La ministre déléguée chargée du Numérique, Clara Chappaz, a récemment lancé un appel désespéré aux parents pour qu’ils cessent d’exposer leurs enfants sur les réseaux sociaux. Un aveu cinglant de l’échec de la loi de 2024, censée encadrer le « sharenting », ce partage compulsif de photos de progéniture. Visiblement, le texte, pourtant promulgué en février 2024, n’est qu’un tigre de papier, appliqué au compte-gouttes et impuissant face à une pratique devenue la norme.
L’alerte de la ministre est pourtant terrifiante : à l’ère de l’IA générative et de la reconnaissance faciale, des clichés innocents d’aujourd’hui peuvent resurgir demain dans des contextes « déroutants, douloureux, voire dangereux ». La réalité est glaçante : près de la moitié des images retrouvées sur les forums pédocriminels proviennent de photos postées librement par les proches. C’est une vérité incommode : notre insouciance numérique alimente directement des réseaux pédocriminels mondialisés. Un enfant de 13 ans est en moyenne la cible de 1 300 publications, la plupart dues à ses propres parents.
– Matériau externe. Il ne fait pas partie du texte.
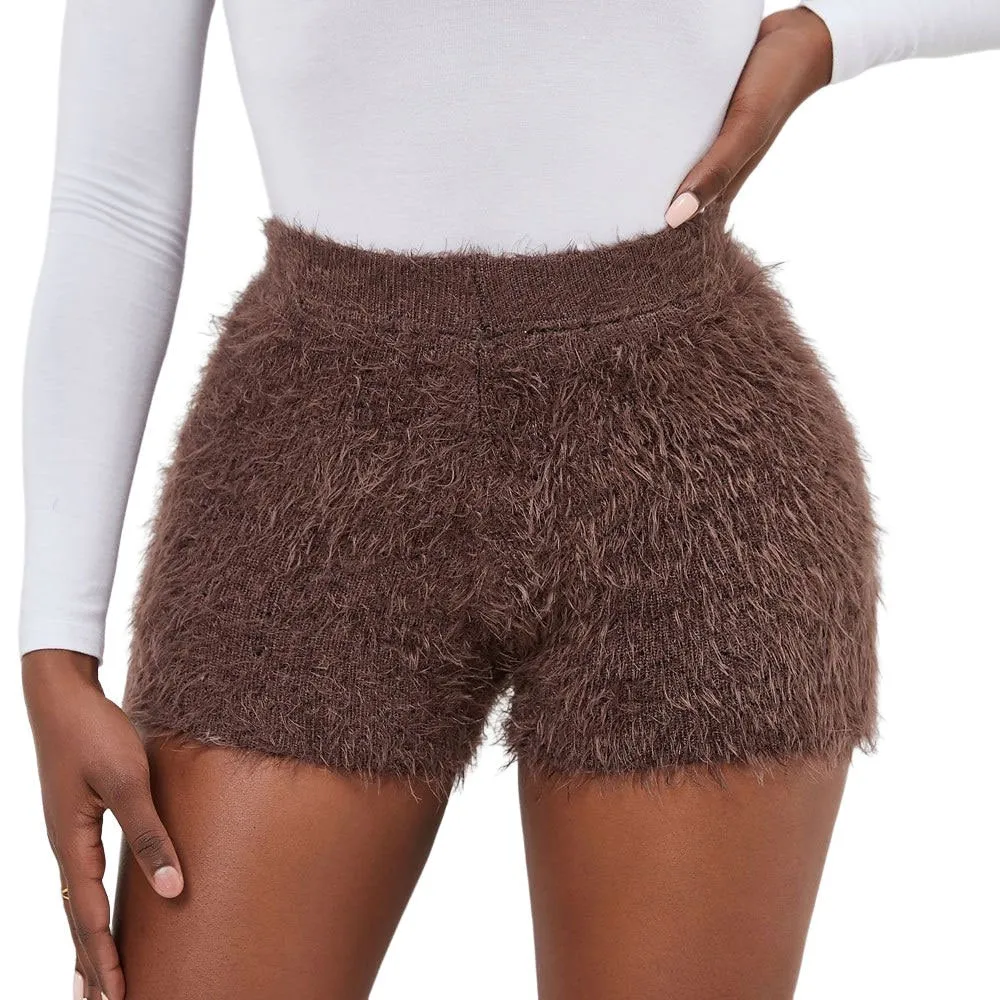 Women's Winter Casual Skinny Fit Elastic High Waist Knitwear Shorts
C’est une catastrophe annoncée.
Pourtant, la loi du 19 février 2024 visait à garantir le respect du droit à l’image des enfants, modifiant le Code Civil pour intégrer cette protection à l’autorité parentale. Elle exigeait même l’accord de l’enfant « selon son âge et son degré de maturité ». Mais l’application est quasi inexistante. Comme le soulignent les experts, cette loi était avant tout « pédagogique ». Elle ne fait qu’encadrer la décision des parents, sans offrir de réel moyen de contrôle si les deux sont d’accord. Seul un désaccord parental peut potentiellement mener à une saisine du juge, un mécanisme qui semble créer plus de conflits familiaux qu’il ne protège les enfants.
L’absence d’étude d’impact en amont de cette proposition de loi est criante. Elle révèle une lacune fondamentale : aucun moyen concret de contrôler son application n’a été prévu. Le résultat est là : les influenceurs continuent d’exposer des millions de followers à la vie de leurs enfants sans aucune entrave. La responsabilisation des parents, objectif louable de la loi, s’est heurtée à une réalité amère : l’absence de mécanismes coercitifs la rend largement inefficace. Une nouvelle intervention ministérielle est nécessaire pour tenter de freiner ce fléau du 21e siècle, preuve que la première tentative a lamentablement échoué.